Le plan cadastral n'est PAS un titre de propriété. C'est un document fiscal qui indique la position approximative des parcelles à des fins d'imposition. Seul le bornage (PV signé par toutes les parties) fixe juridiquement les limites de propriété. Un voisin qui vous dit « le cadastre prouve que cette bande de terrain est à moi » se trompe. Et un géomètre-expert qui s'appuie uniquement sur le cadastre sans croiser les titres de propriété fait un travail incomplet.

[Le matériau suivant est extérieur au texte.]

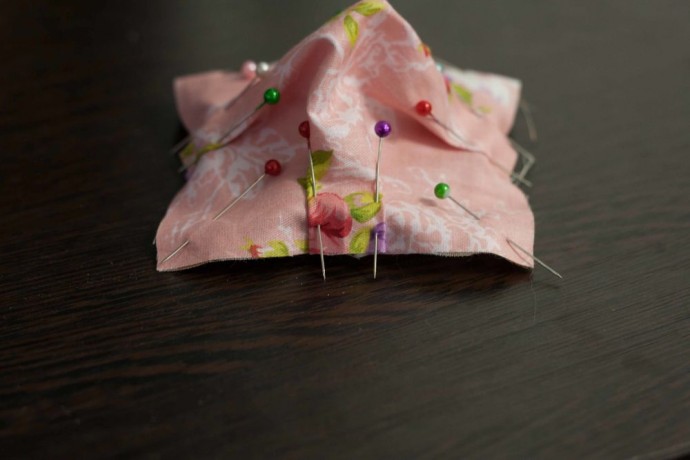 Круглые подушки в технике bubble quilt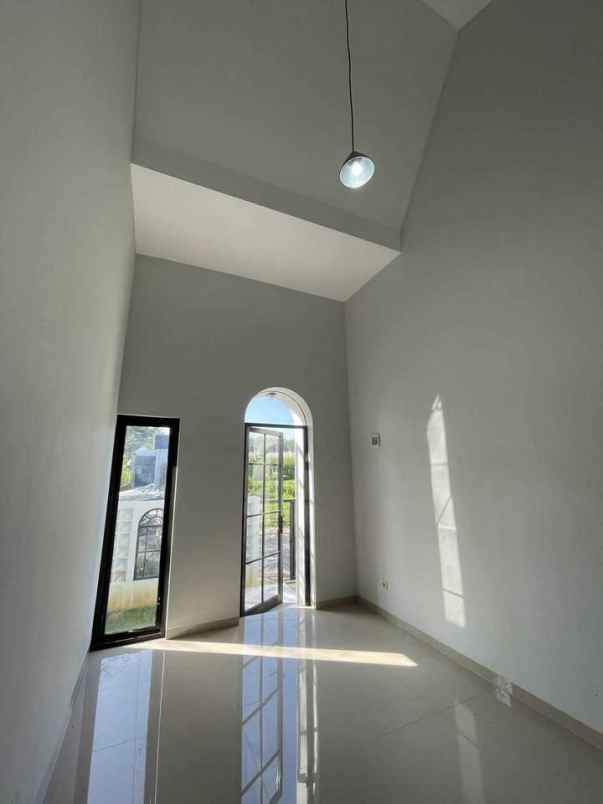 dijual rumah citra garden city buring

Le déroulement d'un bornage amiable
Le bornage est la mission la plus courante du géomètre-expert. Voici comment il se déroule :
Étape 1 — Recherche documentaire (1-2 semaines) : le géomètre-expert consulte les titres de propriété (au service de la publicité foncière), les plans cadastraux historiques, les PV de bornage antérieurs, les permis de construire et les documents d'urbanisme. Cette recherche est cruciale : elle permet de reconstituer l'historique foncier et d'identifier les indices de limites.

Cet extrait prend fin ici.